:: TASK PROMPT ::
Leaving the images aside, print every record in the material exactly.
Start of DATA PROVIDED
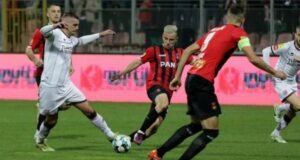 Sarajevo nakon penala ispalo od drugoligaša Čelika iz Zenice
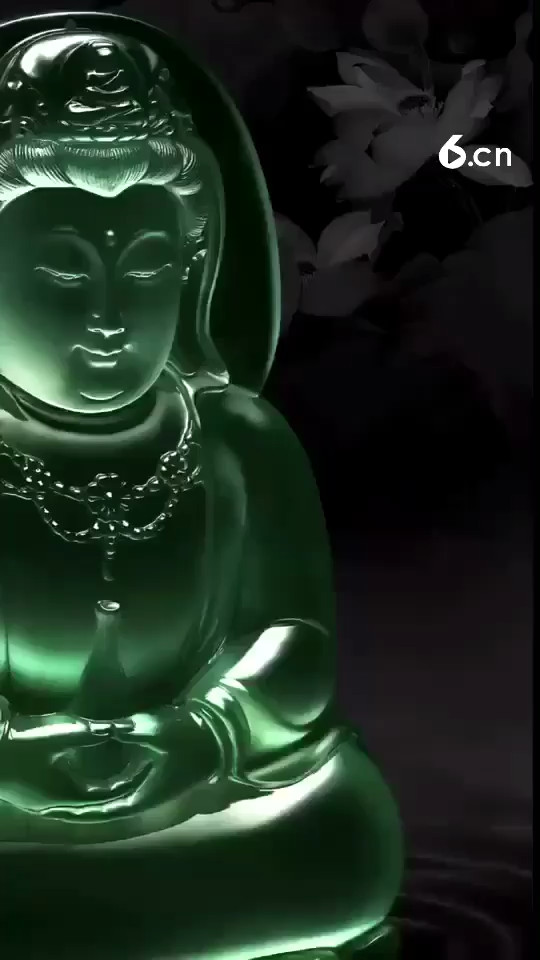 观世音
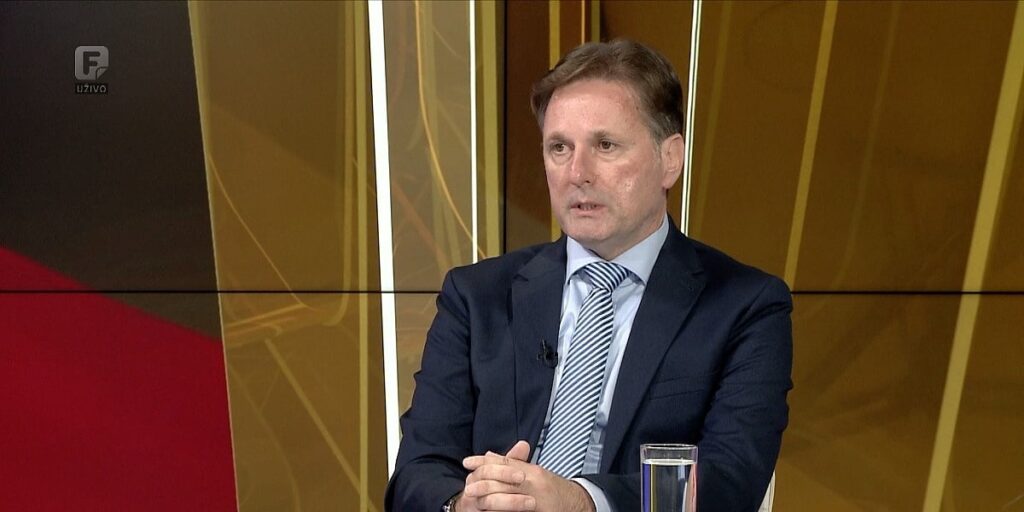 Da se ja pitam, ko jednom prevari državu više nikad ne bi dobio ni marku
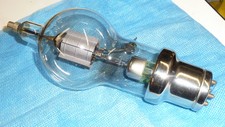 EIMAC 250TH / VT-220 VACUUM TUBE - USED IN VE...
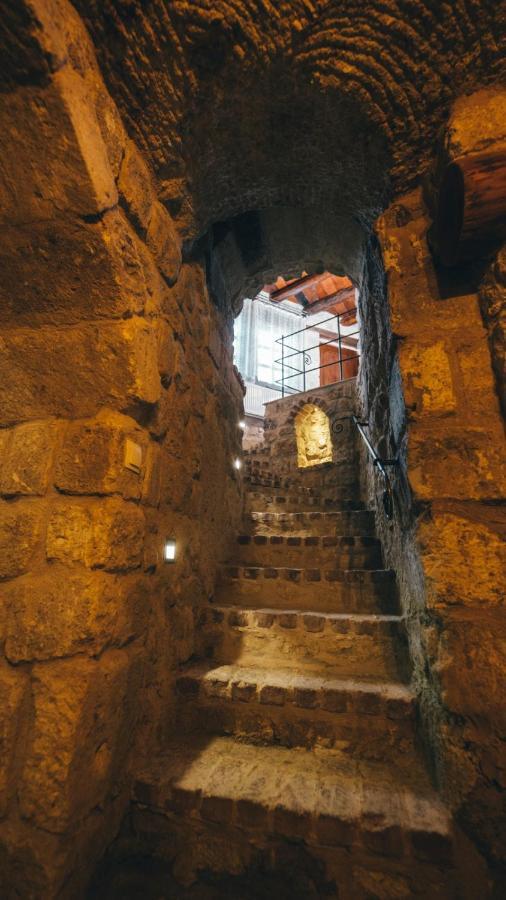 Cappadocia Old Houses Невшехір Екстер'єр фото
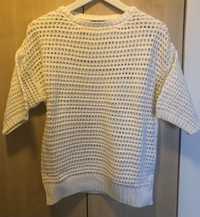 Pullover dama Massimo Dutti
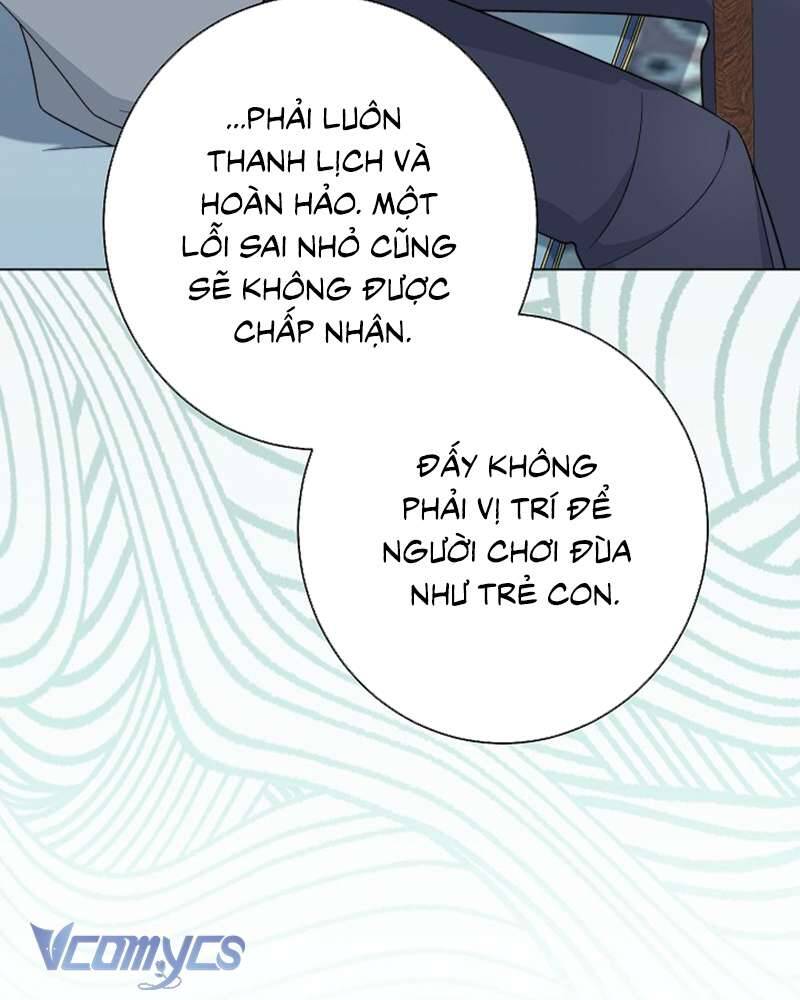 Hầu Gái Độc Quyền Của Hoàng Hậu Phản Diện Chap 55 - Next Chap 56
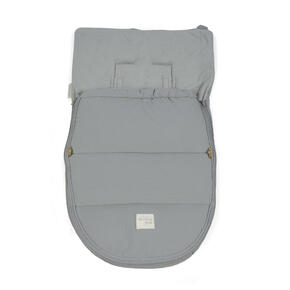 Saco de inverno  2 em 1 - Eco Mum 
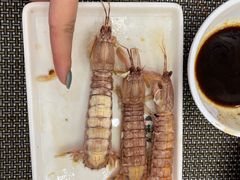 -澜悦港海鲜体验主题餐厅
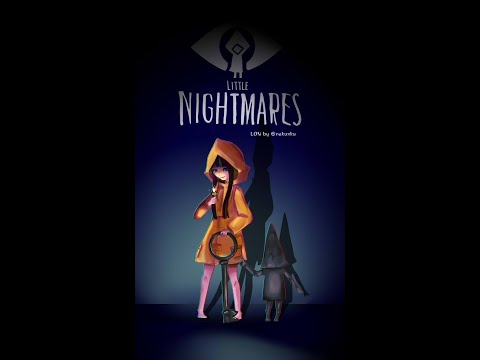 【LITTLE NIGHTMARESⅡ】_3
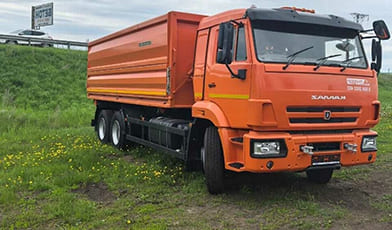 Ремонт грузовых машин - фото №6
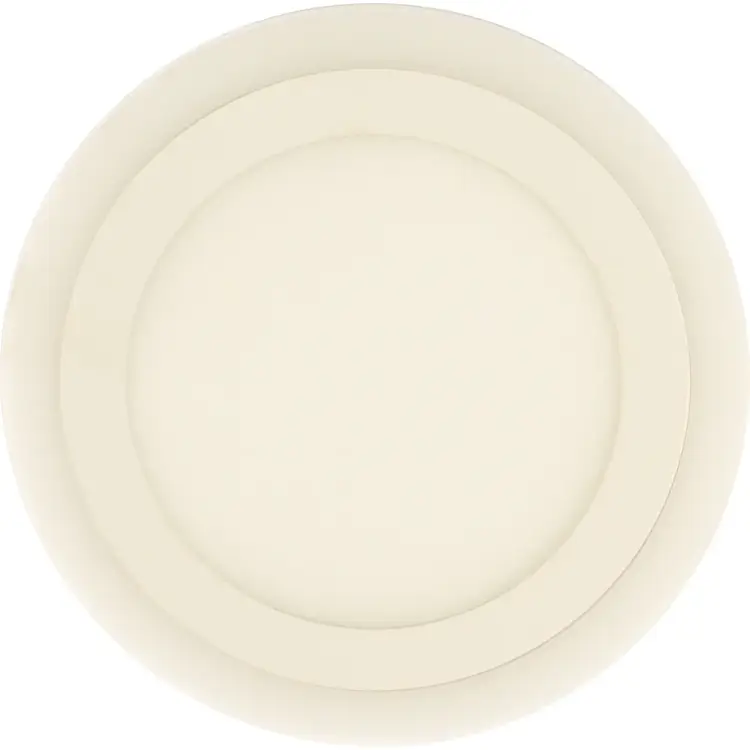 Накладной светильник Smartbuy SBL1-DLB-13-65K-O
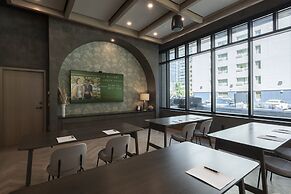 The Westley Hotel - Tapestry Collection by Hilton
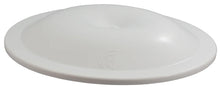 Load image into Gallery viewer, Dirt Defender Racing Products Air Cleaner Top 14in White 5012WHT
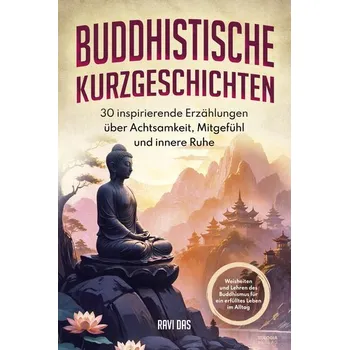 Osobní rozvoj Buddhistische Kurzgeschichten - Das, Ravi; Johnson, Greg (University of Ottawa, ON, Canada; Alliant International University, San Diego, CA)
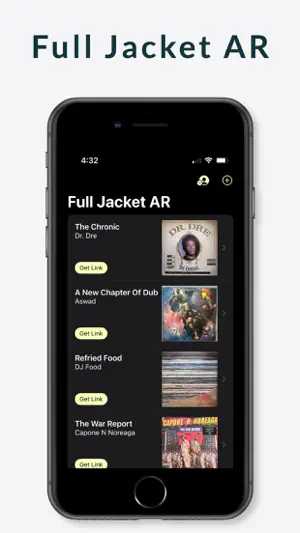 Full Jacket screenshot 1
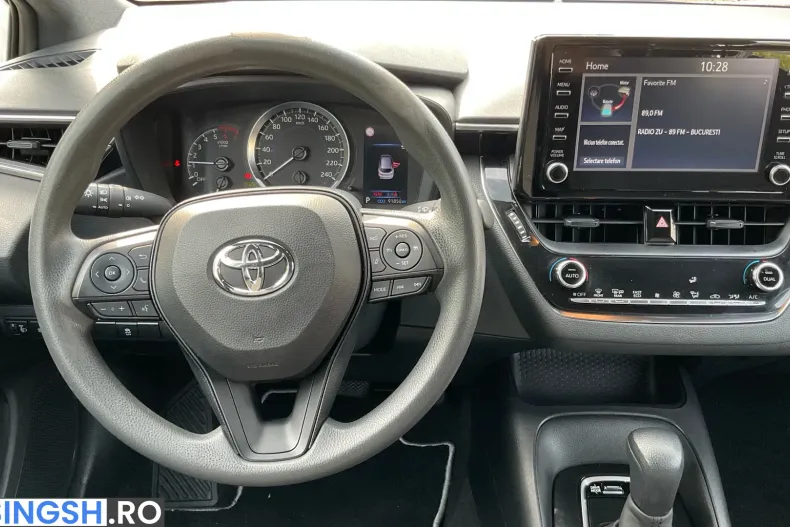 Toyota Corolla din 2022 cu 91.848 km - oferta TOY248469 - foto 13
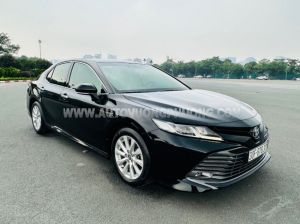 Xe Toyota Camry 2.0G 2019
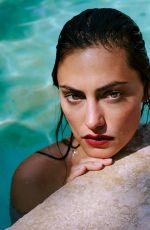 PHOEBE TONKIN for S Magazine, 2019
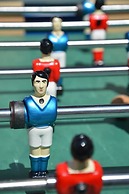 Golden Tulip CDG Airport Villepinte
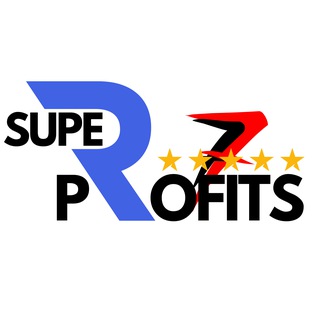 Telegram group profile photo for SUPER PROFITS 77 Traders (PUBLIC)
End of DATA PROVIDED
:: WRITTEN SOLUTION ::
 Sarajevo nakon penala ispalo od drugoligaša Čelika iz Zenice
 观世音
 Da se ja pitam, ko jednom prevari državu više nikad ne bi dobio ni marku
 EIMAC 250TH / VT-220 VACUUM TUBE - USED IN VE...
 Cappadocia Old Houses Невшехір Екстер'єр фото
 Pullover dama Massimo Dutti
 Hầu Gái Độc Quyền Của Hoàng Hậu Phản Diện Chap 55 - Next Chap 56
 Saco de inverno  2 em 1 - Eco Mum 
 -澜悦港海鲜体验主题餐厅
 【LITTLE NIGHTMARESⅡ】_3
 Ремонт грузовых машин - фото №6
 Накладной светильник Smartbuy SBL1-DLB-13-65K-O
 The Westley Hotel - Tapestry Collection by Hilton
 Load image into Gallery viewer, Dirt Defender Racing Products Air Cleaner Top 14in White 5012WHT
 Osobní rozvoj Buddhistische Kurzgeschichten - Das, Ravi; Johnson, Greg (University of Ottawa, ON, Canada; Alliant International University, San Diego, CA)
 Full Jacket screenshot 1
 Toyota Corolla din 2022 cu 91.848 km - oferta TOY248469 - foto 13
 Xe Toyota Camry 2.0G 2019
 PHOEBE TONKIN for S Magazine, 2019
 Golden Tulip CDG Airport Villepinte
 Telegram group profile photo for SUPER PROFITS 77 Traders (PUBLIC)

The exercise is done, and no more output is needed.